Brian is a fantastic cook. I asked what I could do to help “Stay the fuck out of the way.” As my ex housemates can attest, I’m more or less the same way. The veggies and cheese were assembled into a beautiful salad while Beth and I snacked on more cheese, bread, and olives. The cookies made for a fine desert. We chatted about the struggles of traveling and one issue we share is how difficult it can be to find a supply of English books on the road. Since I’ve been sticking to major cities I’ve had a relatively easy time, even Corfu has a bookshop with some English books. Brian just came from Albania where any book is hard to come by. The scars of dictatorship run deep. He’s gifted me a book on life in Albania which cost him an arm and a leg to obtain out there. Regrettably, I gave my inventory away to the nearest bookshop days ago. Lesson learned, hold on to them for longer.

Lunch and good company

After naptime I did some planning. My stay here is over on Sunday and I have nothing booked after that. There are other islands I’d like to see. The next link in the chain is Paxos, population 2500. It is remote enough that I can’t even get a direct ferry inbound from Corfu to Paxos on the day of my choosing even through they’re right next to each other. They only run twice a week and not on Sundays. I was pulling my hair out trying to figure out how I was going to get from Paxos to Kefalonia or Ithaca. There have been ferries but they must be seasonal, I can’t book a ticket. All of a sudden, I remembered that airplanes exist. To get from Paxos to Kefalonia…

Make sure it is Wednesday

Ferry from Paxos to the south of Corfu

Bus from the ferry terminal to the airport

Fly to Kefalonia

The ferry comes sparingly and so do the planes.

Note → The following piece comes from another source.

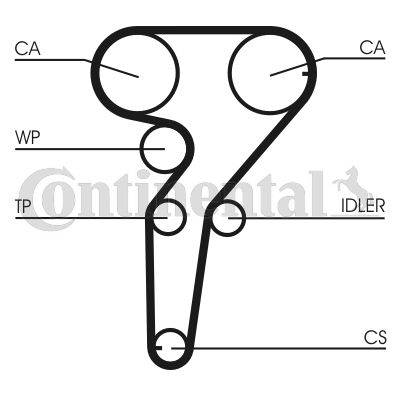 CONTINENTAL CTAM CT877K3 - Zahnriemensatz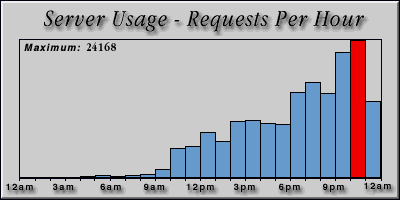 [Average hourly accesses graphic]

Tonight’s beer was at The Bristol, a bar I am thankful for since I don’t feel out of place speaking English there. The DJ is spinning records and doing a great job. He’s talented but most importantly, tonight is not serious. It’s a 50/50 chance that he will either miss a transition to smoke or deliver something creative and difficult. My decks are packed away and I’m wishing I was able to spin a bit. It’ll be a while.